Henri Tajfel was one of the first social scientists to deeply study the effects of social groups and mental categorization on our individual sense of identity. He believed that, in a lot of ways, social identity trumps individual identity.
He discovered that, even under completely arbitrary and comically irrelevant conditions, human beings have a need to “belong” socially. Even when there’s nothing at stake. Even when there’s nothing to lose by ignoring the group, and nothing to gain by being part of it. And not only that, but we have a need to take care of “our own” at the expense of others.
We have deep a need to join social ingroups and reject social outgroups.
The reason Tajfel became so interested in the science of social identity is because, once upon a time, he lost his own. And he also saw the catastrophic effects of the blind valuation of social identity. He saw how much he relied upon his social identity, but also how bad things can get when people put too much stock into it.
Tajfel, a Jewish boy born in Poland, was studying in France when World War II began. He volunteered to serve in the French army. Tajfel identified himself as a French citizen, even though he wasn’t — including when he was captured by Germans a year later. He would spend the rest of the war being shipped from camp to prisoner-of-war camp, hiding the fact that he was Jewish just to stay alive.
After the war, Tajfel returned to his family. Unfortunately he found none of them alive. His family, along with most of his friends, had been massacred by Nazi soldiers in the Holocaust.
After the war, he was granted French citizenship.
And then he moved to Britain with his wife, and was granted British citizenship.
Meanwhile, two things had happened to him. 1) He had to rebuild his sense of social identity, not once but twice, after having lost not only everyone he identified himself with but also his geographical identity. And 2) he became insatiably curious about what drives a human’s sense of social identity.
He discovered, through years of research, some strong patterns of behavior. Human beings have a deep compulsion to identify with groups and to infer their own identity from those groups. We have a need to be accepted, and therefore to let our values be informed by the collective values of a group.
We take this kind of observation for granted today. It seems obvious. But this was not well understood at the time. And, contrary to popular belief then, this tendency is not reserved for extreme personalities or narcissistic people. It is a pattern that recurs across even the most ordinary, harmless personalities.
So what Henri Tajfel was showing us was that people, including the friendliest and most amicable German citizens, are consumed by a need to fit in. Even when it’s not good for them, even when it’s not with people they like, and even when the social groups don’t even reflect their own underlying values.

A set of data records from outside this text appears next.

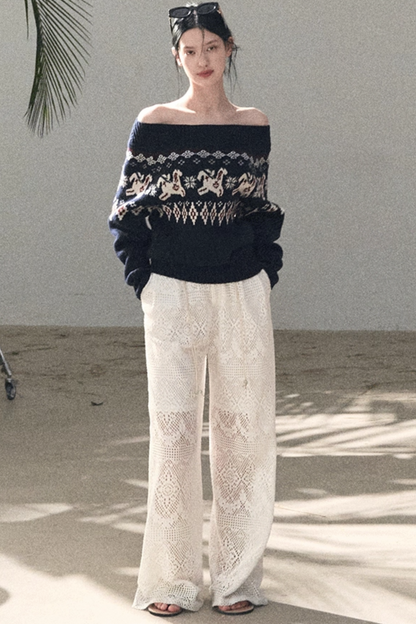 Sheep Wool Fair Isle Sweater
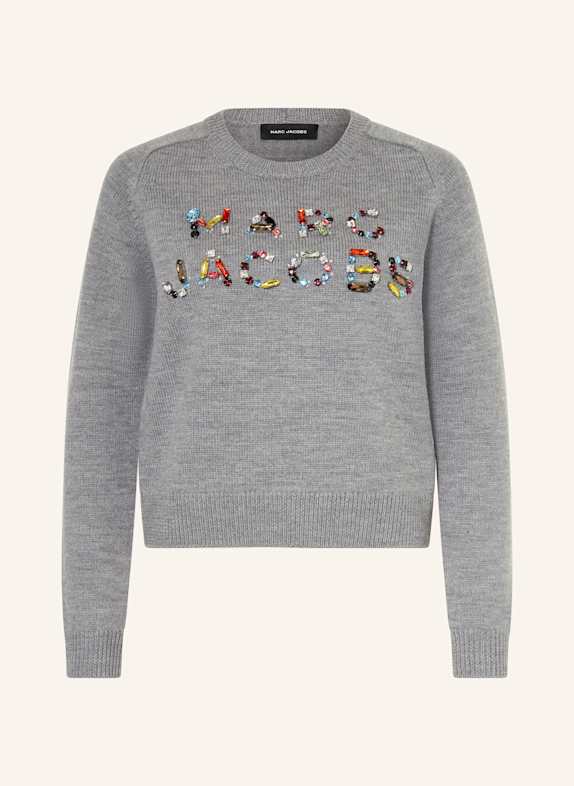MARC JACOBS Pullover mit Schmucksteinen GRAU
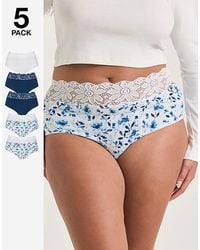Pretty Secrets - 5 Pack Lace Top Full Fit Knickers - Lyst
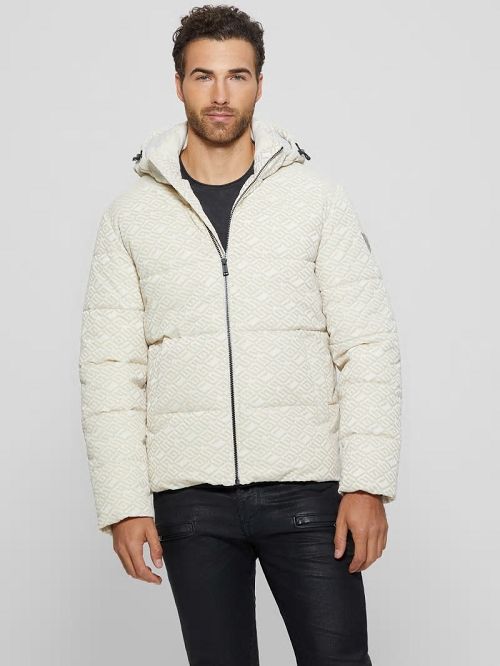 Guess Logo Hooded Puffer Jacket Albi | GUESS-SN30779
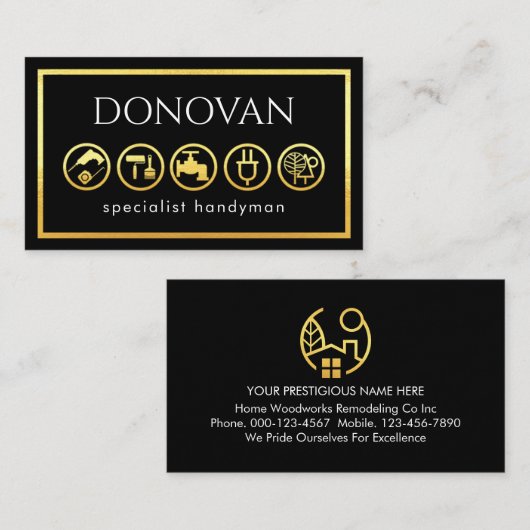 Stylish Gold Handyman Tools Frame Visitekaartje (Voorkant / Achterkant)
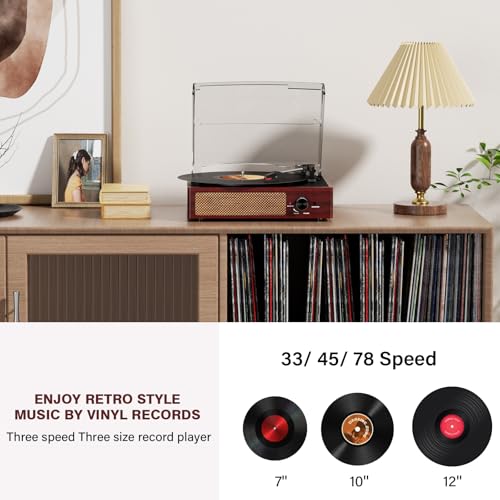 Image of Vinyl Record Player with 2 Stereo Speakers Belt-Driven Vintage Turntables 3 Speed 3 Size Wireless Bluetooth Playback AUX-in RCA Out Headphone LP Vinyl Players Auto Stop Red Wood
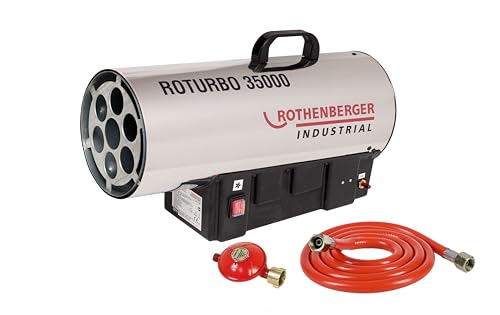 Rothenberger Industrial Gas – Heiz – Kanone/Gebläse RoTurbo 35000 inkl. Piezo-Zündung, Schlauch & Schlauchbruchsicherung 34,0 kW, 1500000363 von Rothenberger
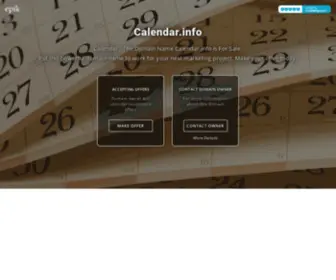 Calendar.info(This rare domain name and original keyword phrase for Calendar) Screenshot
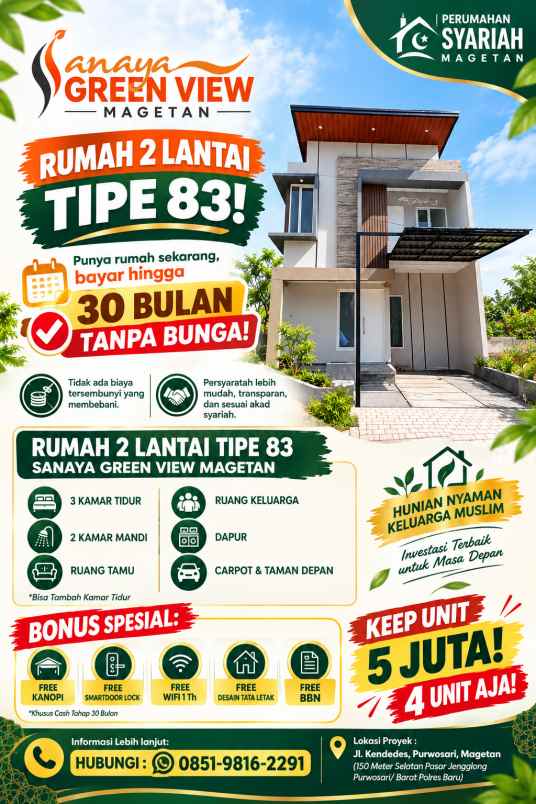 perumahan syariah magetan rumah 2 lantai tipe 83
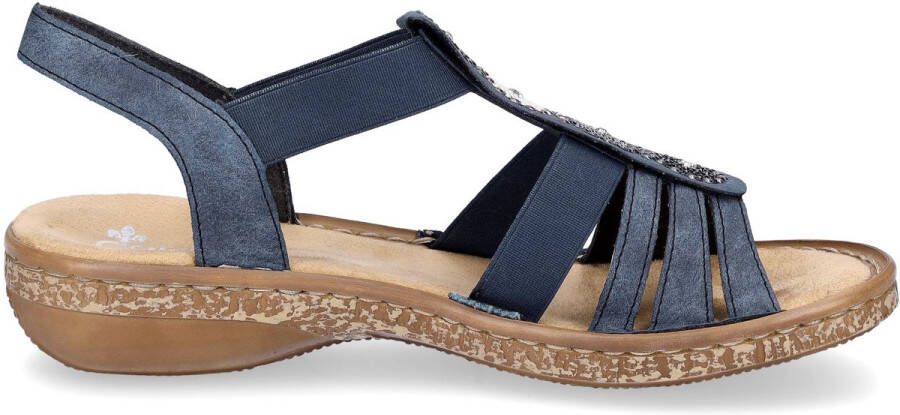 Rieker Sandalen zomerschoen sandaal sleehak met decoratieve parels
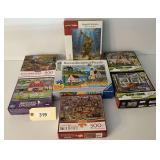Lot of Assorted 500-Piece Jigsaw Puzzles Featuring Ravensburger, Buffalo, and RoseArt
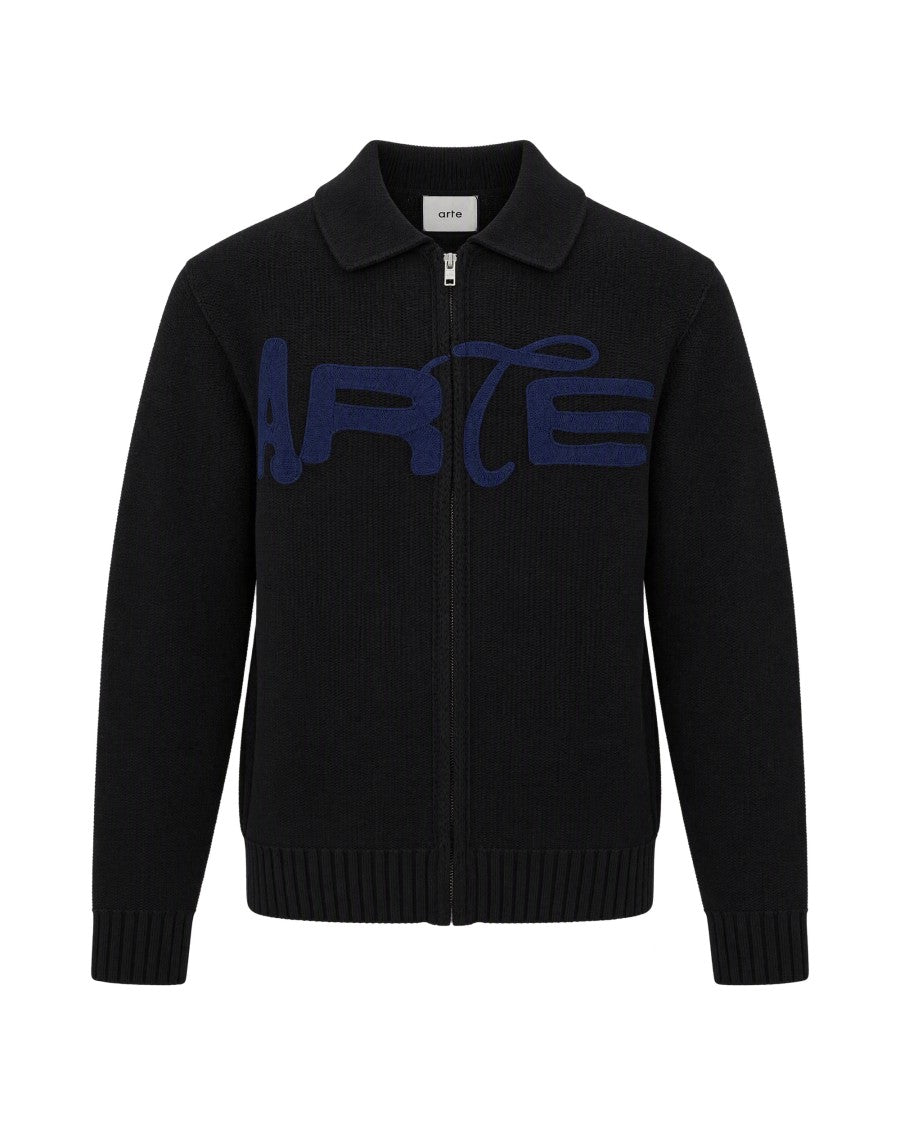 Arte Antwerp Black Polo Collar Full-Zip Cardigan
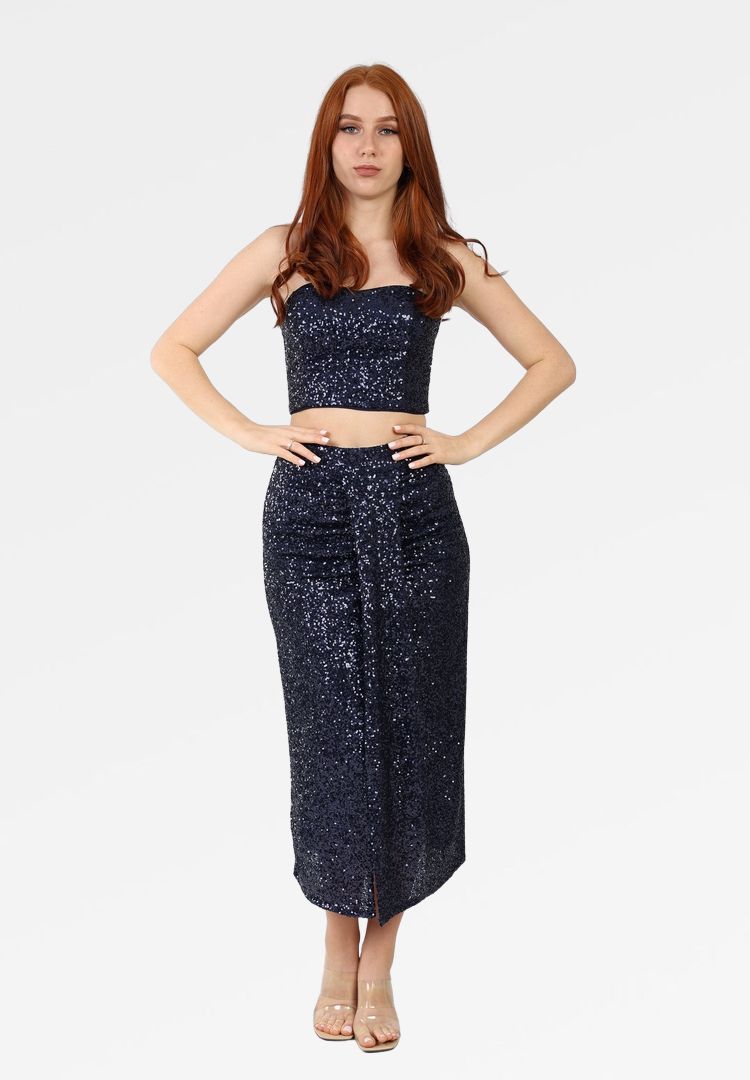 SEQUIN BANDEAU TOP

In fact, I’ll bet you’ve been in a group of friends at some point in your life that held values that were opposed to your own.
Social groups are great, but they’re not enough. And they often cloud your ability to see what it is that really matters to you. You need more than social groups. You need to know who you actually are.
When I got sober ten years ago, I had to decide who I was. Or, rather, I had to honestly ask myself who I was, because maybe the answer was already there waiting to be found. It was probably a good bit of both. I knew that if I didn’t find out who I really was and what I was really living for, I would die. I would feel empty, go back to drugs, and die. I had to find something to stand for so that I could live.
I decided on two things.
I was going to be honest. And when I mean honest, I don’t just mean telling my girlfriend when her lipstick doesn’t look good. I mean I was going to willingly confront the world with honesty and willingly face the consequences. Because being honest is worthwhile; it’s something worth living and dying for. It rescues the world from dishonesty. And when you are honest with people, even when it absolutely sucks to be honest, it builds incredibly strong relationships. People know they can count on you.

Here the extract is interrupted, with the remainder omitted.